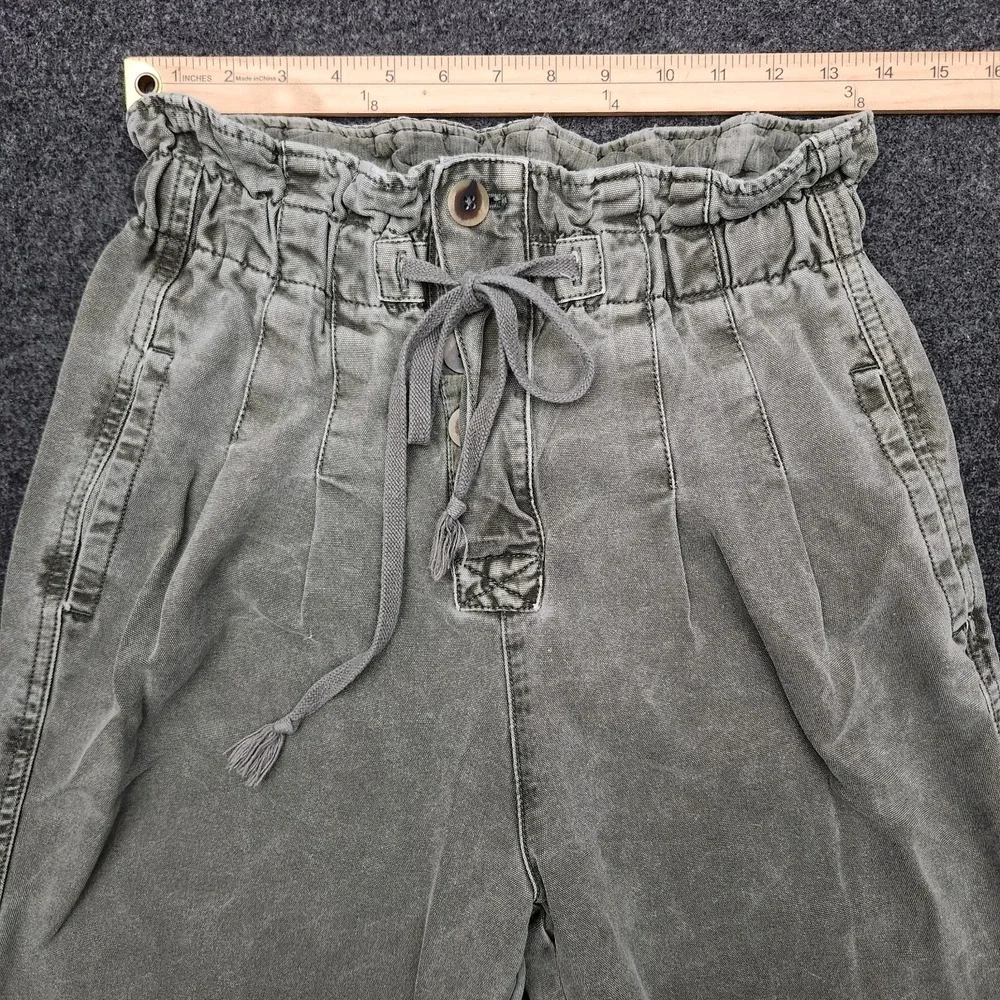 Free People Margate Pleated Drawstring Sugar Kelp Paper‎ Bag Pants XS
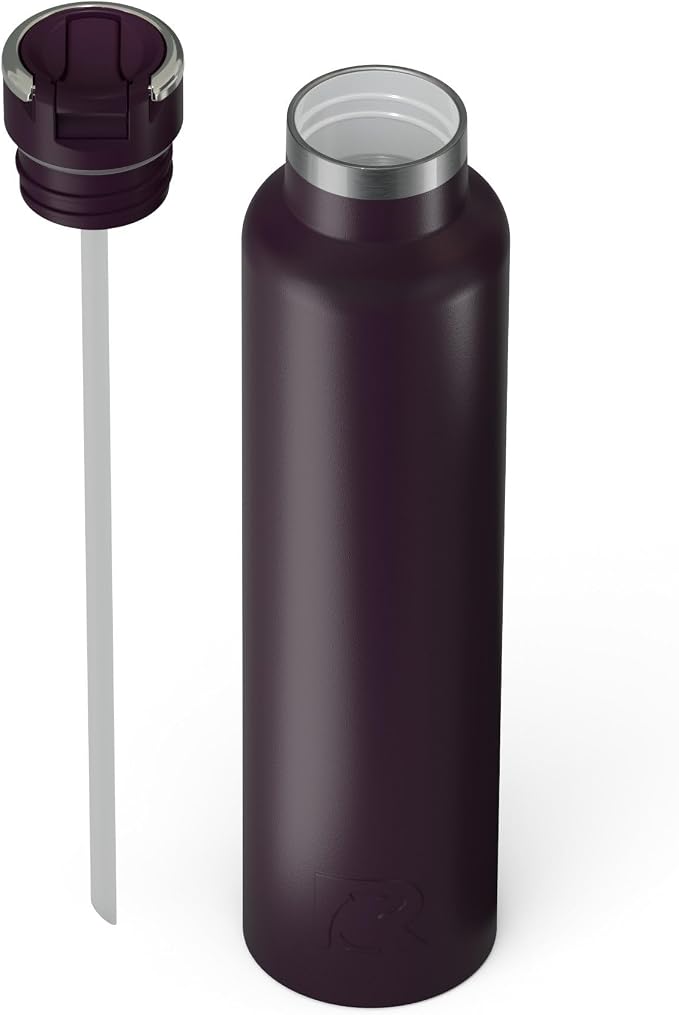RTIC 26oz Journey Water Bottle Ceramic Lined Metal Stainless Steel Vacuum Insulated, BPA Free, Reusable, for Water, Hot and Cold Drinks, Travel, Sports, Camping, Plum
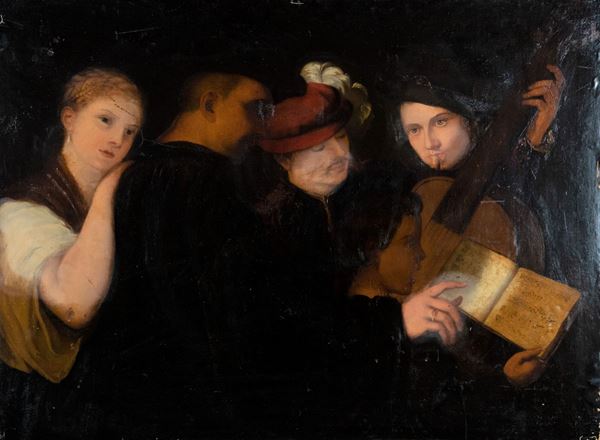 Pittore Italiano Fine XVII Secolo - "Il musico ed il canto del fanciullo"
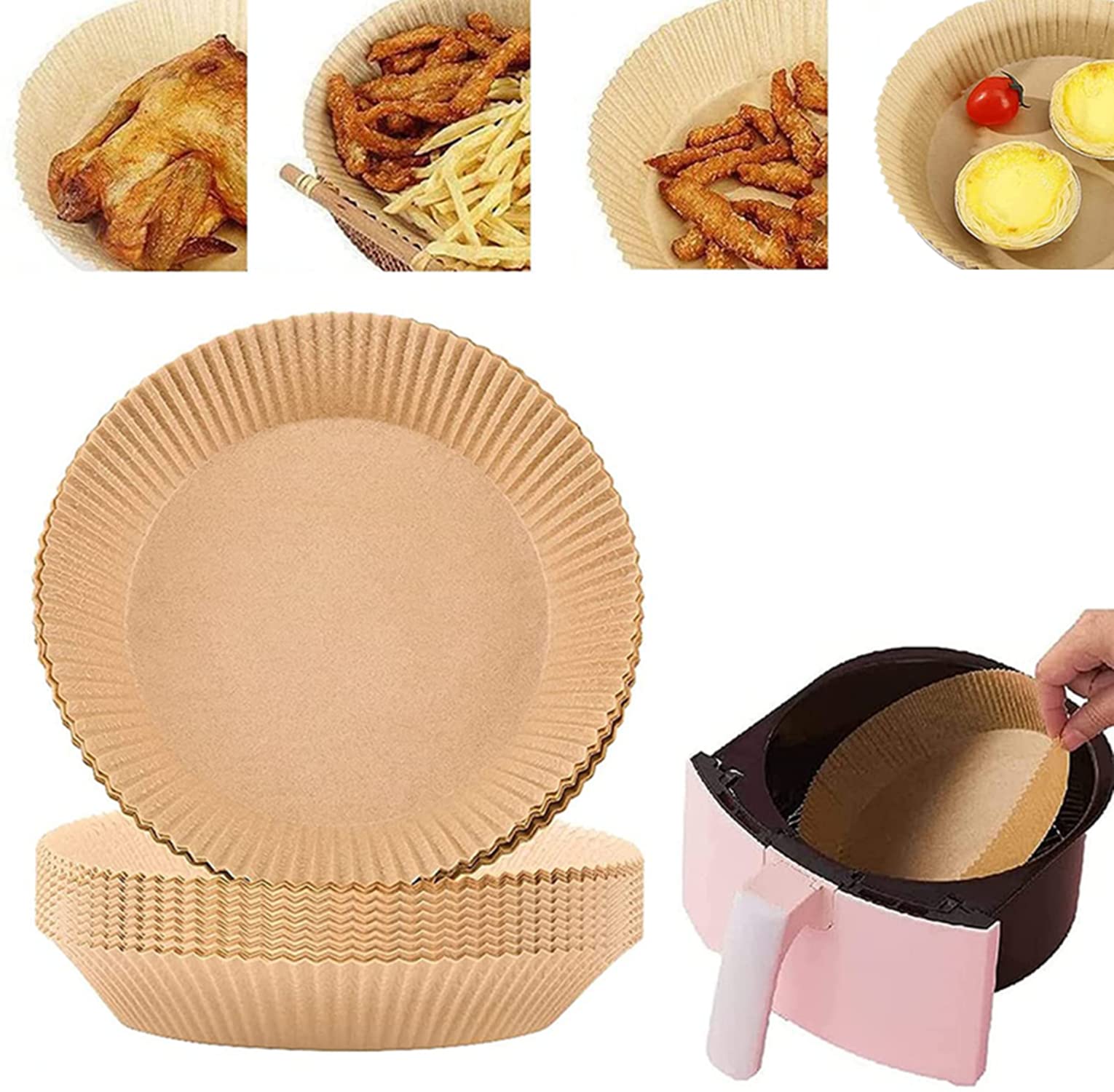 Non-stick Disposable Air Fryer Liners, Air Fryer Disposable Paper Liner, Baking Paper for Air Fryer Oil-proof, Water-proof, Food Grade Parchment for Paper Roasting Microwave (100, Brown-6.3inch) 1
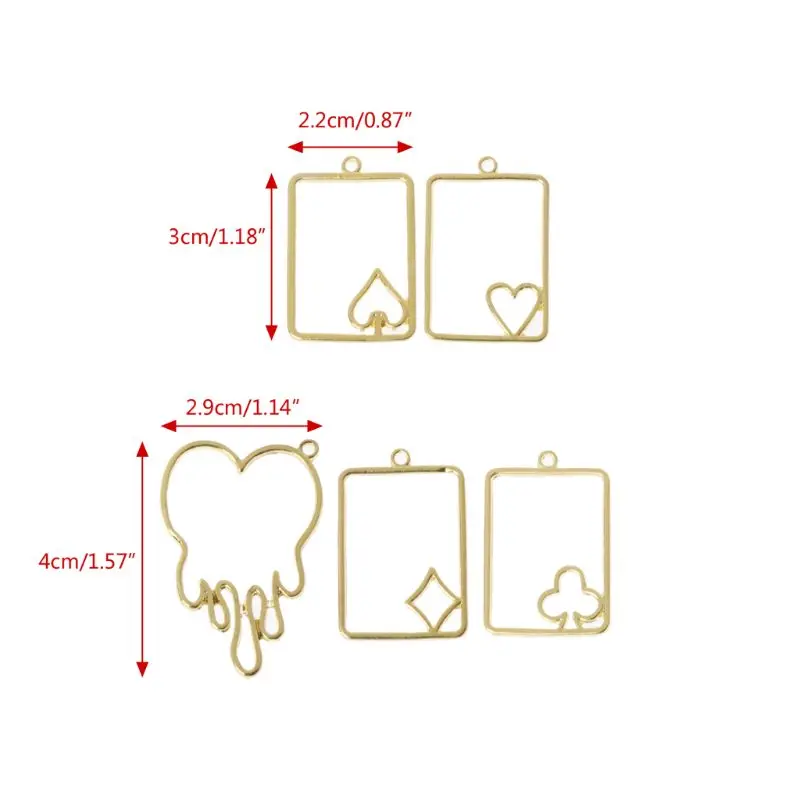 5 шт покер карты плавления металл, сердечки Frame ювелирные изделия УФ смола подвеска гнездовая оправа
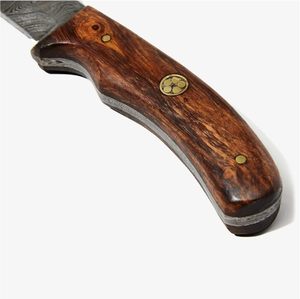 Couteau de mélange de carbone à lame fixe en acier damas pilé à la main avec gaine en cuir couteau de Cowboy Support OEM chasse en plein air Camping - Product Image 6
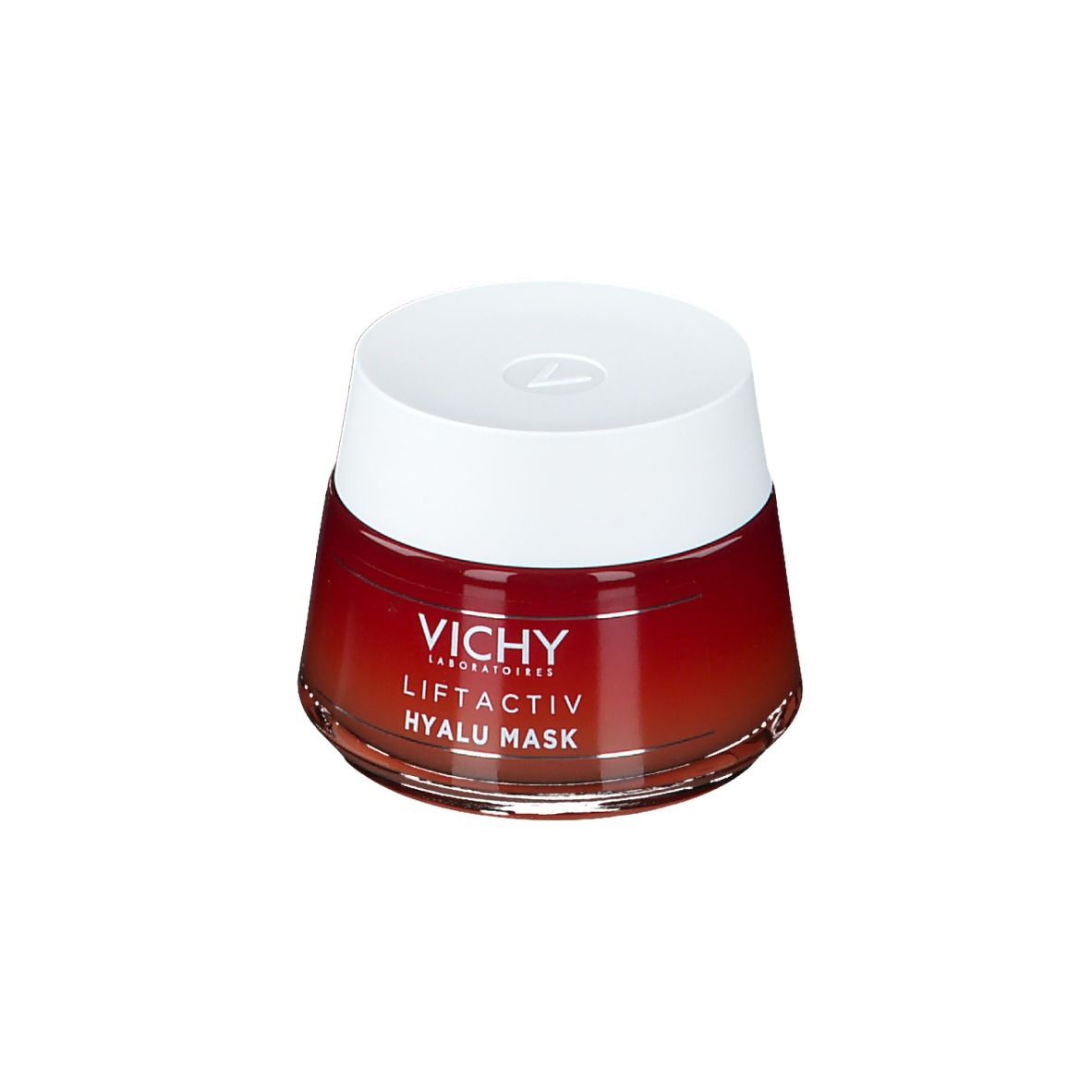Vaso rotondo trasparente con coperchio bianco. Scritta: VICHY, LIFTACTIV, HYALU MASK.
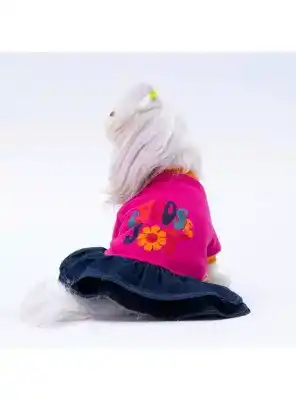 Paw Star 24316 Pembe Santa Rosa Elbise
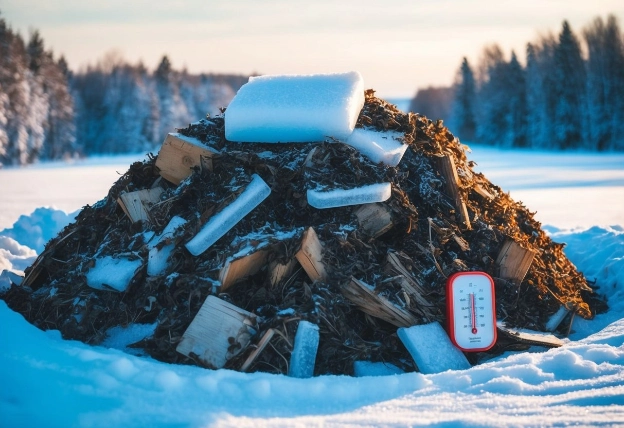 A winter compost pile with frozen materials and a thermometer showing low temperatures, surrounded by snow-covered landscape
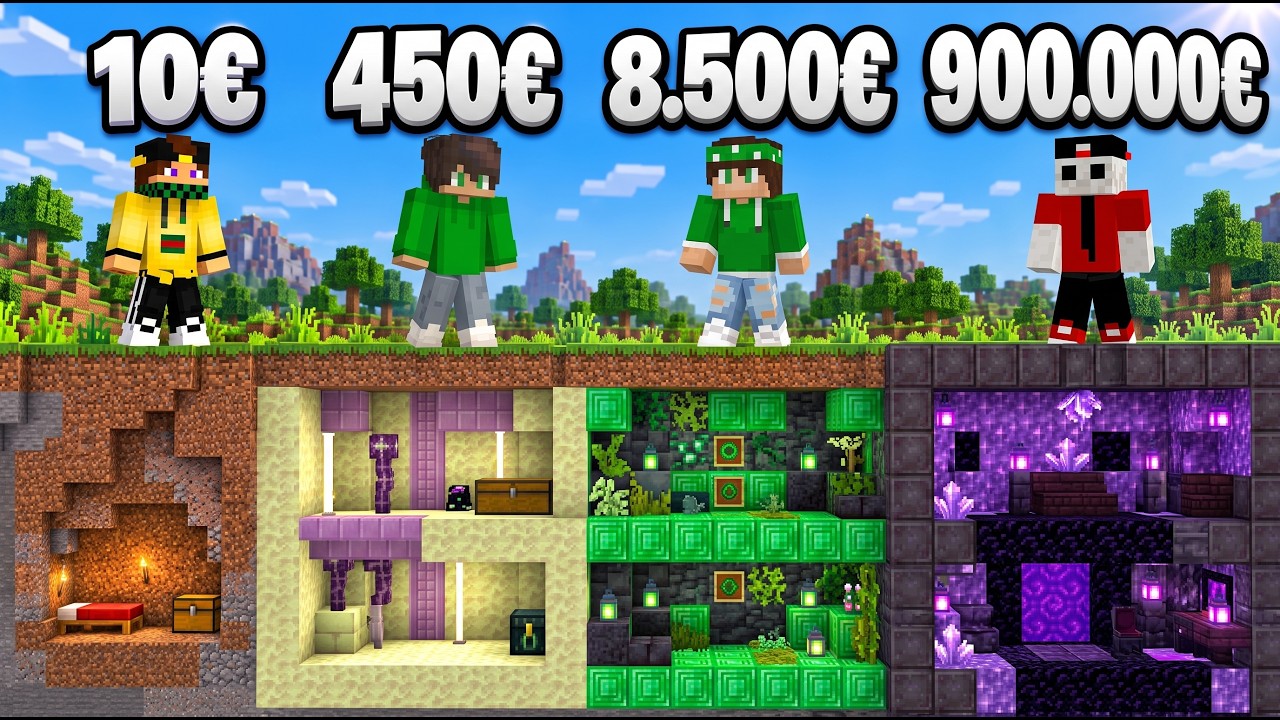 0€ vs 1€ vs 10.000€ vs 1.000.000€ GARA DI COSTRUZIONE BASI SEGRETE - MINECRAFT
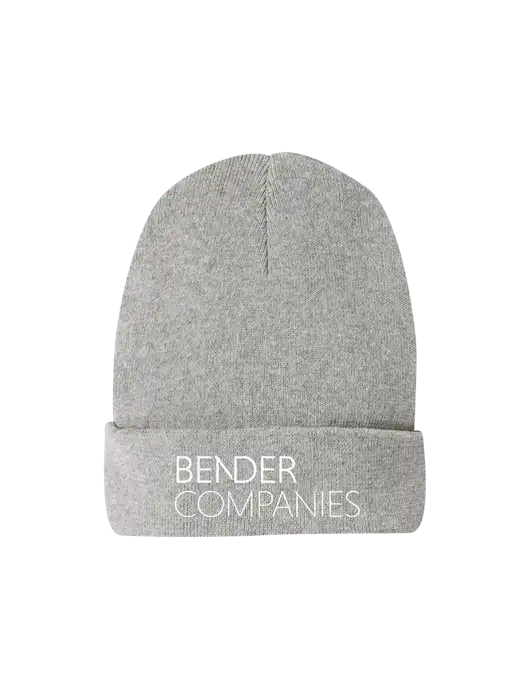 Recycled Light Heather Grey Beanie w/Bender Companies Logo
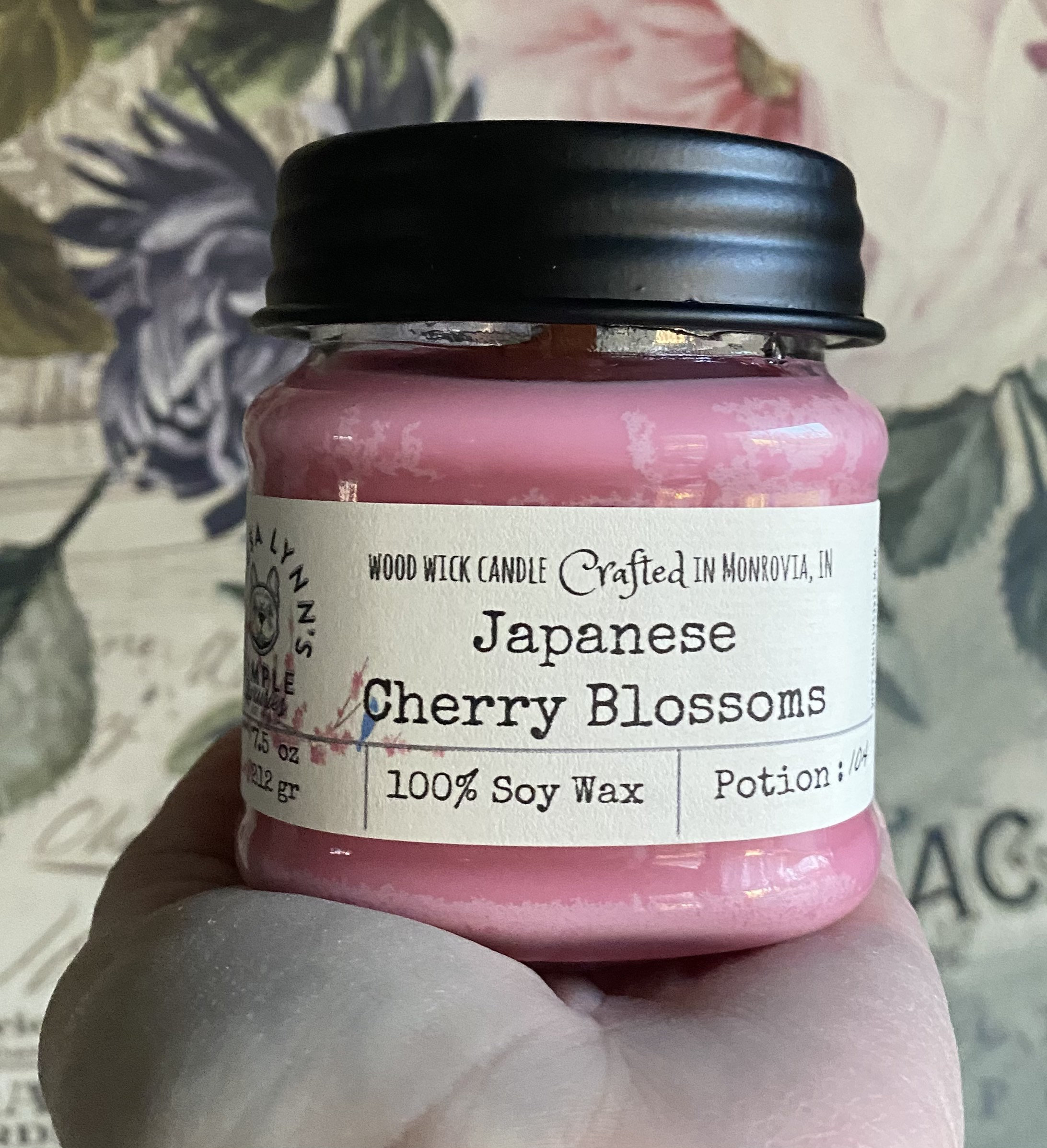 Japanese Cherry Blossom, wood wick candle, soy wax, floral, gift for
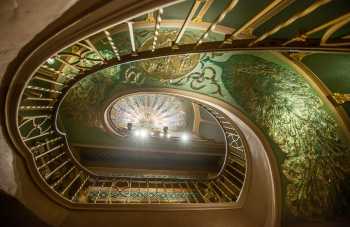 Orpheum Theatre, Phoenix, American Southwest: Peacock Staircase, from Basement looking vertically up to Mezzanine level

_Activity_. Return nothing except the lines from the line with "Vaso rotondo trasparente" through the last line of the records above, copied exactly and without pictures.

_Response for this exercise_.
Vaso rotondo trasparente con coperchio bianco. Scritta: VICHY, LIFTACTIV, HYALU MASK.
 Paw Star 24316 Pembe Santa Rosa Elbise
 A winter compost pile with frozen materials and a thermometer showing low temperatures, surrounded by snow-covered landscape
 0€ vs 1€ vs 10.000€ vs 1.000.000€ GARA DI COSTRUZIONE BASI SEGRETE - MINECRAFT
 Recycled Light Heather Grey Beanie w/Bender Companies Logo
 Japanese Cherry Blossom, wood wick candle, soy wax, floral, gift for
 Orpheum Theatre, Phoenix, American Southwest: Peacock Staircase, from Basement looking vertically up to Mezzanine level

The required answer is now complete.